Excerpts from a dataset
§ §
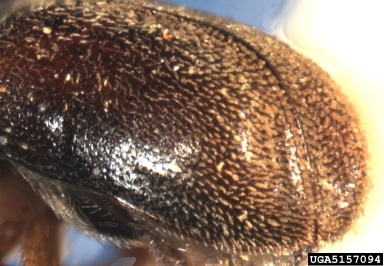 small oak bark beetle, Pseudopityophthorus minutissimus  (Coleoptera: Curculionidae) - 5157094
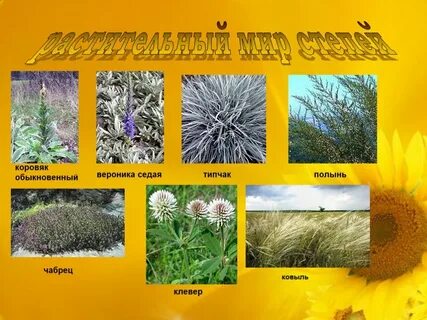 Какая растительность характерна для степей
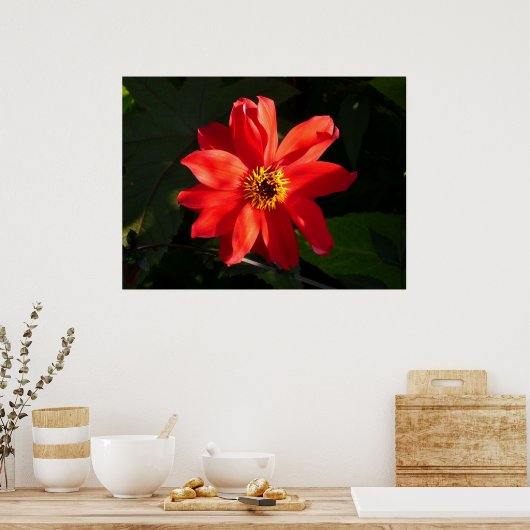 Red Dahlia (bisschop van Llandaff) Poster (Keuken)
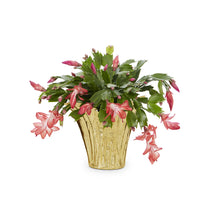 Load image into Gallery viewer, Christmas Cactus (Red/Pink) ⭐⭐⭐⭐⭐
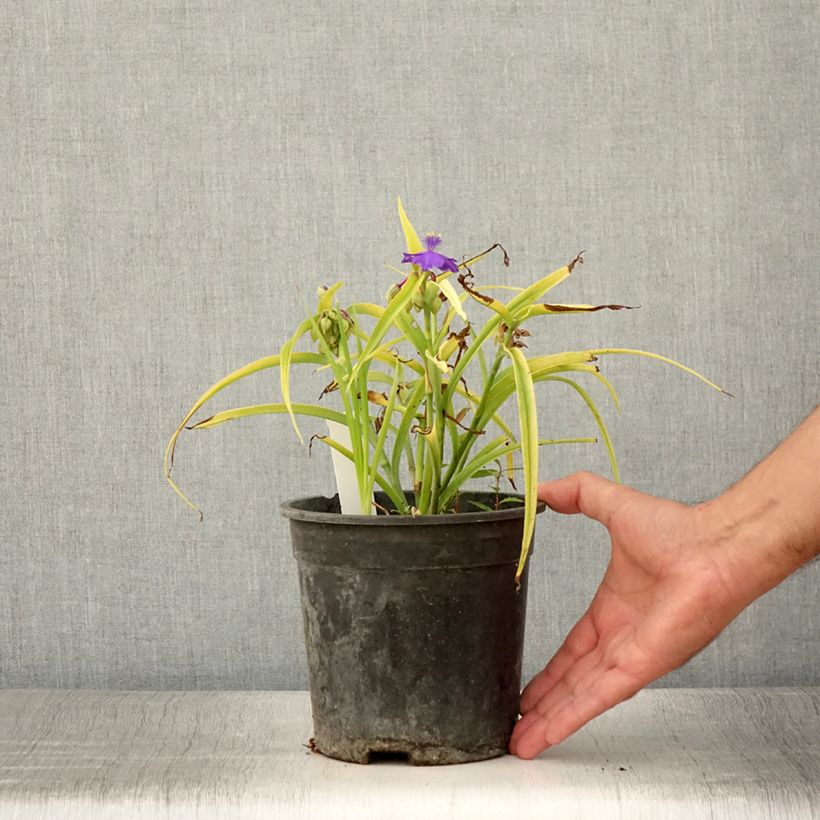 Spécimen de Éphémère de Virginie - Tradescantia andersoniana Sweet Kate Pot de 2L/3L tel que livré en été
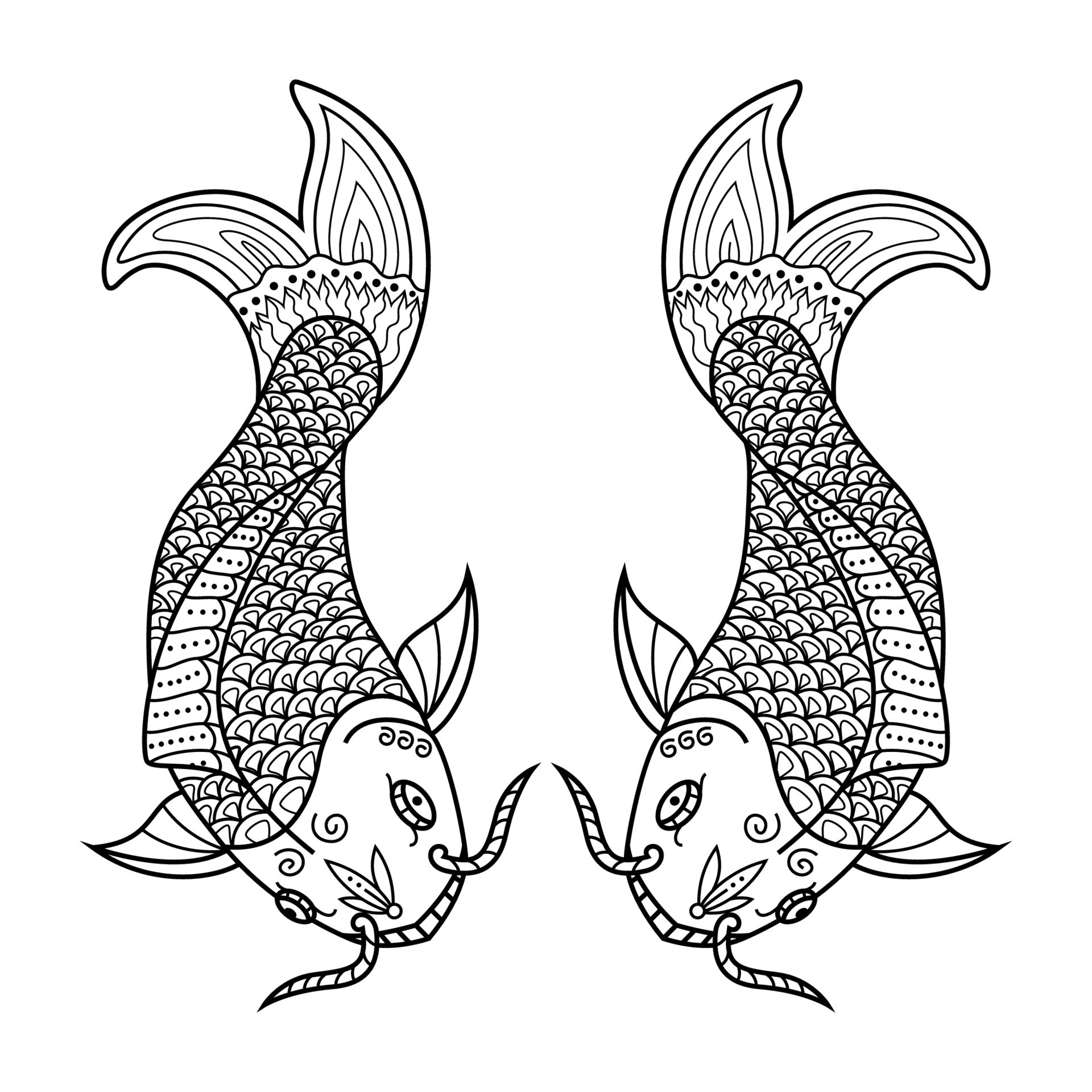 koi fish line art Koi fish line art vector. koi fish line art graphic design for the wall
§ §
▶ _Task brief_
Excluding the pictures, restate word for word the lines from the one that holds "Spécimen de Éphémère" through the last line of the entries, both ends included.

▶ _Solution below_
 Spécimen de Éphémère de Virginie - Tradescantia andersoniana Sweet Kate Pot de 2L/3L tel que livré en été
 koi fish line art Koi fish line art vector. koi fish line art graphic design for the wall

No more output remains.